Dépasser le clivage urbain-rural
Nous plaçons la focale sur les dynamiques territoriales, en dépassant un clivage urbain-rural, voire en s’affranchissant de la notion de « territoire périurbain » difficile à identifier précisément. Si ces conversions manifestent souvent un frottement entre un milieu rural et un environnement urbanisé avec les usages qui y sont associés respectivement (activités agricoles, activités d’extractions, environnements protégés, forêts, déserts versus habitat et activités de production et de services, capitalisation foncière, friches, voire réserves naturelles et parcs…), il est devenu obsolète de concevoir une « urbanisation » uniquement dans la continuité des tâches urbaines existantes. Il n’est plus question d’une périurbanisation systématique, ni même d’une conversion des terres agricoles en parcelles bâties ou à lotir. L’enjeu n’est plus, en ce sens, de contenir la pression urbaine avec des limites, des cordons.
Examiner spatialité, temporalité et acteurs des conversions
Les dynamiques observées sont complexes et multiformes, les acteurs impliqués relèvent de légitimités diverses. S’y croisent, s’arrangent ou s’opposent, des chefs coutumiers, des industriels négociant auprès d’autorités publiques des assemblages fonciers en faveur de zones économiques spéciales, ou encore des promoteurs immobiliers qui obtiennent des droits de subdivision sur des terres agricoles, sans compter la multitude des habitants et des migrants qui occupent et lotissent des terres à l’appropriation aisément contestable. Parfois des terres changent de mains, sans investissement immobilier ou entrepreneuriat agricole. Les terrains restent en friches, tout en étant le support concret d’épargne, avec des stratégies à plus long terme de revente des parcelles pour des investissements commerciaux, voire dans le domaine agricole. Concernant les pratiques agricoles, on observe des logiques de diversification économique à des échelles fines. Les propriétaires et exploitants de terres agricoles peuvent combiner différentes techniques et calendriers culturaux, pour s’adapter aux variabilités des ressources, notamment aux concurrences fortes autour de l’eau, et aux variabilités des prix agricoles, tout en vendant certaines parcelles et en se lançant parfois eux-mêmes dans la promotion immobilière. Tensions, appropriations, évictions et précarité des installations caractérisent donc ces espaces en conversion où les usages sont vivement disputés : habiter, travailler, cultiver, exporter, produire, extraire, spéculer, conserver, protéger, polluer, circuler….

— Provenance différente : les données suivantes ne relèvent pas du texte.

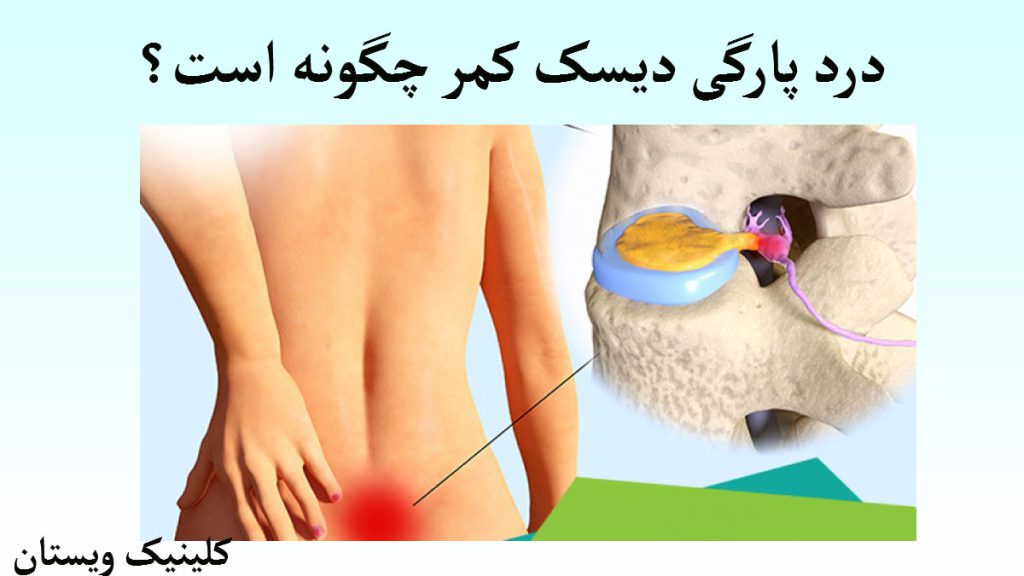 تصویری انیمیشنی از بدن انسان که دچار کمردرد شده است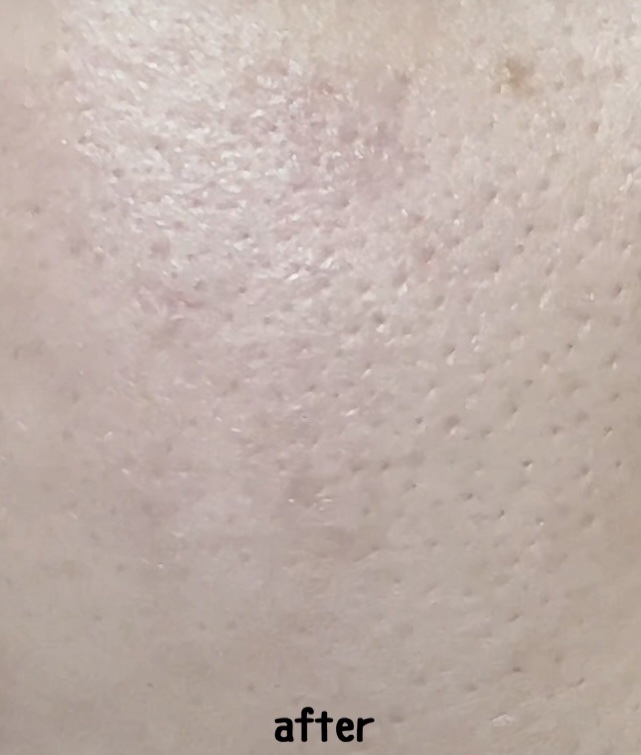 レチノール　シカ　リペア　セラム/innisfree/美容液を使ったクチコミ（3枚目）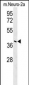 CASC4 Antibody  (C-term)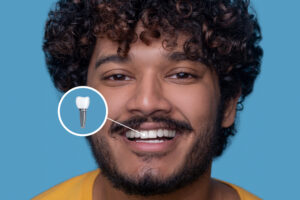 Single Tooth Implant Cost Without Insurance 1 What Is a Single Tooth Dental Implant?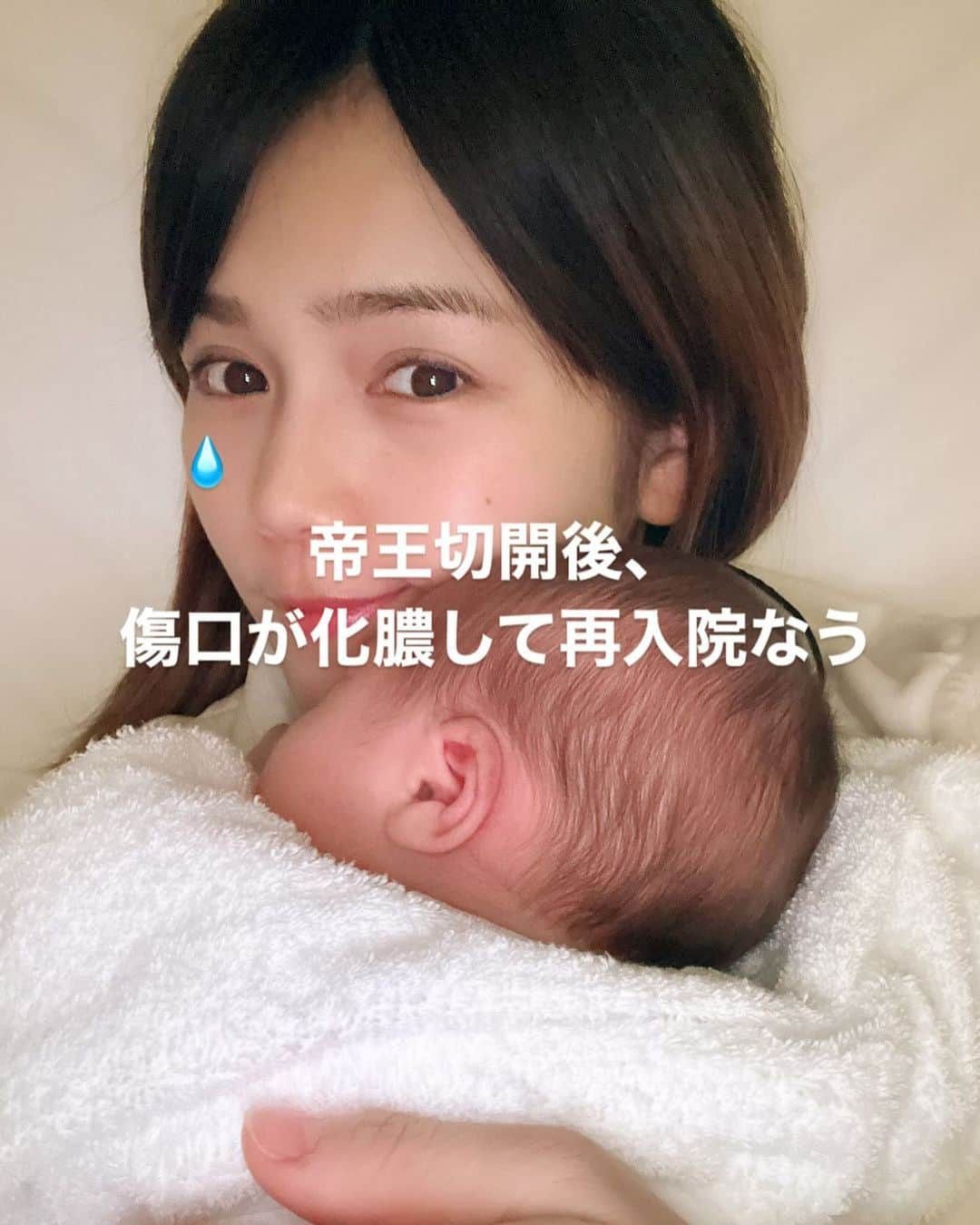 沢辺りおんさんのインスタグラム写真 - (沢辺りおんInstagram)「無痛分娩だったので 気持ち的にはカナリ余裕だった私。  「稀に麻酔が効かない方も居るので ご了承下さい」  と言われてましたが、  周りの先輩ママ達も 「全然痛くなかったよ！」 「余裕だった！」 という話しを聞いていたので もうお腹も苦しかったし早く出てこないかな〜🤰 なんて思ってた所に陣痛が。  病院に行って子宮口がまだ2cmしか開いてないとの事。  「え、こんなに痛いのにまだ2cm?」 と思ったけどそれは黙っておいた。  その後、お腹の赤ちゃんの心音確認中に破水。 そのまま入院することになり  「どうします？もう麻酔入れます？」  「お願いします」  食い気味で2つ返事でお願いした。  麻酔効いてくると大分楽になり お母さんはこの痛みに耐えて産んでくれたんだ。本当にすごいな。と思い母に感謝のメッセージを送った。  ですがこの後、私に麻酔は1時間半しか効かず 「稀に麻酔効かない方も居るのでご了承ください」 側の人になってた。  恥骨の部分からお尻にかけて割り箸で ブッ刺される痛みが定期的にきて  「これもう陣痛じゃん」 「無痛分娩なんじゃないの？」 「話が違うよ」  痛さと悔しさで泣きじゃくった。  先生に 「恥骨のあたりから肛門にかけてが死ぬほど痛いです」  というと  「そこは効きずらいんだよね〜 足します。」  と、足してもらったけど中々効かず 4時間後位にやっと落ち着いたと思いきや  先生がバタバタしだして  「子宮口9.5センチまで開いてるんだけど、赤ちゃんの心音が下がってます。 今すぐ出さないと行けない。 緊急帝王切開です」  逆にここでは麻酔効きまくっちゃってて 意識朦朧としながら 「はい」 と返事をし  その30分後に我が子誕生👶🏻  無事に帝王切開が終わり赤ちゃんと感動の対面をしたのもつかの間、ここから私の「本当の戦い」でした。  まず、子供産んだらお腹がすぐへっこむと思ってた私。 しかし全くへっこまずだったので 産褥パンツのサイズをミスしました。 （妊娠前はAll Sサイズだったので、産後は一応M購入したけど全然Lが良かった） なんなら産み落とした後なのに体重も全く変わってなかったです。  後陣痛と帝王切開の傷の痛み、さらにここで パンツがきつくて苦しいのとで腹痛に更に磨きがかかってとにかく痛かった。  入院中はとにかく下腹部が痛くて 出産よりも産後がキツすぎて こんなに子宮収縮って痛いんだ😭😭 と、思ってました。  先生には「傷口も綺麗だし子宮収縮の具合もいいですよ」  と言われたので 予定通り退院。  歩くだけでも痛いし 痛み止めが効いてないと声も出せない。 とにかく下腹部がいたい。  身体もお腹が痛すぎて思うように動かず 我が子の面倒もみれなくて 終わりの見えない痛みに 本当に毎日泣いてた😭  もっと早く病院行けば良かったと今なら思えるけど 当時は帝王切開もしてるし我慢しなきゃなのかと思って。  でも流石に2週間経っても一向に改善されないので 病院行くと  「虫垂炎っぽい(盲腸)」と診断され  今すぐ入院か、家で抗生物質飲むかの2択で 家で抗生物質を飲むを選択したんですが 次の日の夜にはまた信じられない位の痛みがきたので 救急で病院に行ってそのまま入院することに。  色々検査してみた結果 虫垂炎ではなく 「膿症」と、診断。  帝王切開した傷口の中で化膿してどんどん膿が溜まって 腹痛を起こしてるとの事。  だから今までの痛みは後陣痛でも虫垂炎でもなかったってこと。  原因がわかって良かった😭　  虫垂炎だと思ってたから 虫垂炎について調べてたし 虫垂炎の痛みで当てはまってるやつばかりだったし、  ３大激痛に虫垂炎入ってたから だからこんなに痛いのかと思ってたのに  虫垂炎じゃないですって言われたら 「え、じゃあこれなんの痛みなの？！」  という原因不明の時間が半日くらいあって 原因がわかるまで入院もさせてもらえなかったから本当にしんどかった。  という事で原因がわかり すぐに我が子と一緒に入院生活。  抗生物質の点滴と 痛み止めの点滴。  点滴って本当にすごい！！ 痛みがかなり和らぎます。  そして 長い鉄の棒を傷口にいれ、傷口を開けて その中に洗浄液を入れて洗いながし 切開した傷口にガーゼを入れて そのガーゼに膿を染み込ませて膿を出すという施術。 これを麻酔なしで行います。  泣ける。 泣ける痛さしてる。  痛いと言っても手は止まらない施術。  今これを毎日やってる所です。  これから出産を控えるママさん達 帝王切開の傷口のは化膿する事があります！ 傷口が綺麗でも2〜3日経っても痛すぎたら 私みたいに後陣痛だと思わずに すぐに受診してください！  ちなみに膿症と診断されるまでも 痛みに耐えながら12時間程かかりました！ (これがかなりきつかった)  でもどんなに痛くても 我が子の顔をみると救われました😭  麻酔は効かないし 帝王切開になっちゃって 傷口も膿んで痛すぎたけど 赤ちゃんが無事に産まれて来てくれて本当によかった。  今は娘、🐰ちゃんと2人の入院生活を 楽しみます🍼  #産後 #帝王切開 #膿症」12月21日 12時31分 - rionsawabe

Comprendre les stratégies pour penser leur régulation
Alors que de nombreuses recherches ont été menées sur les accaparements à grande échelle, il s’agit ici de déplacer la focale et de changer d’échelle, en mettant en lumière les frottements à une échelle plus fine entre les différents usages afin de repérer la complexité des pratiques et les multiples affiliations des acteurs, leurs coalitions et leurs lignes de désaccord. Il s’agit également de décaler le regard par rapport à une recherche très fournie en matière juridique. On s’intéresse aux pratiques, aux négociations et aux rapports de force plutôt qu’aux droits fournis par les « papiers » fonciers, même si ces derniers interviennent dans les conversions foncières.
Un tel travail pose finalement les bases d’une réflexion autour de la régulation des conversions : penser l’imbrication croissante des usages agricoles et urbains comme la conservation des ressources, tout en intégrant une ambition de justice sociale et spatiale.